Der vernichtende Befund der Kommission, die der militärischen und politischen Leitungsebene "nicht erfolgsfähige Strukturen" attestiert, zwingt zu einer grundlegenden Revision. Für den Minister zu Guttenberg bedeutet dies: Er hat es mit einer immer größer werdenden Baustelle zu tun. Der notwendige Umbau geht weit über das hinaus, was die Koalition ursprünglich im Schilde führte. Guttenberg sollte ein paar Milliarden einsparen. Da dieses Ziel jedoch mit ein paar kosmetischen Korrekturen nicht annähernd zu erreichen ist und die Armee überdies auf ihre neue Rolle als weltweit operierende Interventionstruppe getrimmt werden soll, ist der Minister früh aufs Ganze gegangen.

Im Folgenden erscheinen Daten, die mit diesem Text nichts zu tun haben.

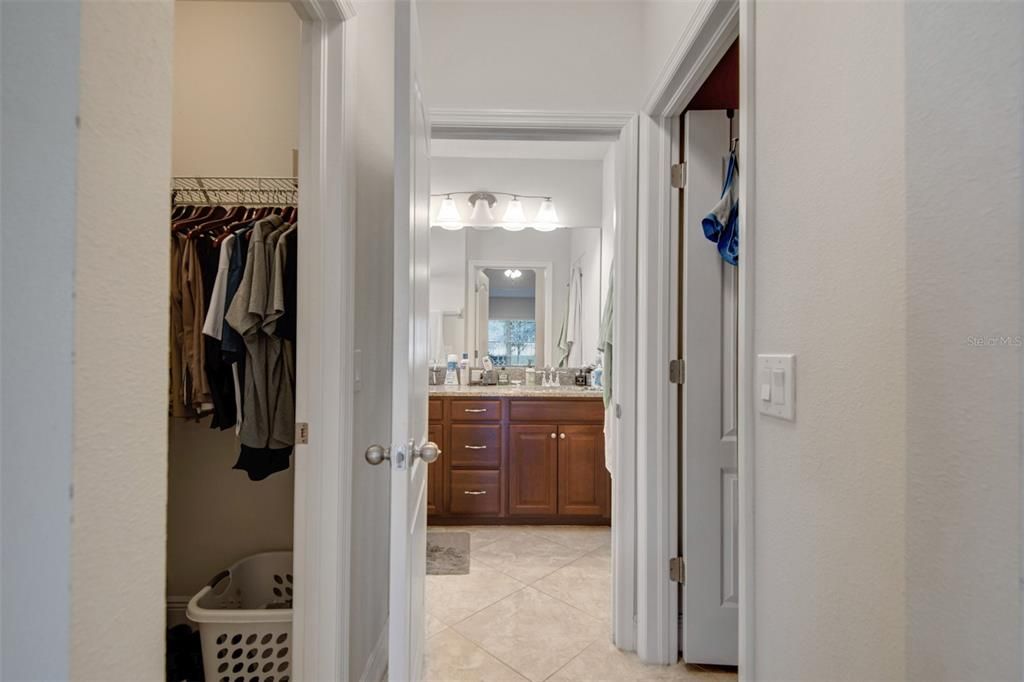 Active With Contract: $2,350 (3 beds, 2 baths, 1665 Square Feet)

Ein erster großer Schritt ist ihm mit Bravour gelungen. Die Aussetzung der Wehrpflicht und die deutliche Verkleinerung der Bundeswehr, die der CSU-Politiker gegen starke Widerstände in den eigenen Reihen durchgesetzt hat, finden nicht nur den Beifall der Experten. Das Momentum dieses Erfolgs verbessert auch Guttenbergs Chance, die vor ihm liegende eigentliche Bewährungsprobe zu bestehen. Jetzt nämlich geht es um die konkrete Umsetzung der Reform und damit ans Eingemachte.

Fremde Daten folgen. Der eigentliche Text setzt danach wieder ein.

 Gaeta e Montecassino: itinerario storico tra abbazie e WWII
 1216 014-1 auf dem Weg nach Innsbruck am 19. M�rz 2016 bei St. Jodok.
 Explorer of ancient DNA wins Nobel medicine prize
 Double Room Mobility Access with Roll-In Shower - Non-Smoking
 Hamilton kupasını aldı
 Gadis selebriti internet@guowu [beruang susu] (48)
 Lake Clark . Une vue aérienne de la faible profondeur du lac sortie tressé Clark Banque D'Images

Die Vorschläge der Kommission, das Personal im Ministerium glatt zu halbieren und die Führungsstäbe der Armee radikal zu verdünnen, werden auf schärfste Widerstände stoßen. Dasselbe gilt für den Versuch, die teuren Rüstungsprojekte besser zu kontrollieren und das viele Geld sinnvoller zu nutzen. Der schwerfällige, überbesetzte Apparat wird sich mit Händen und Füßen gegen "schlankere, transparentere Strukturen" wehren. Auch zeigt das prompt anhebende Bonner Geschrei gegen eine mögliche Verlagerung des Ministeriums nach Berlin, dass Besitzstandsverteidigung auf dem Felde der Landesverteidigung besonders stark ausgeprägt ist.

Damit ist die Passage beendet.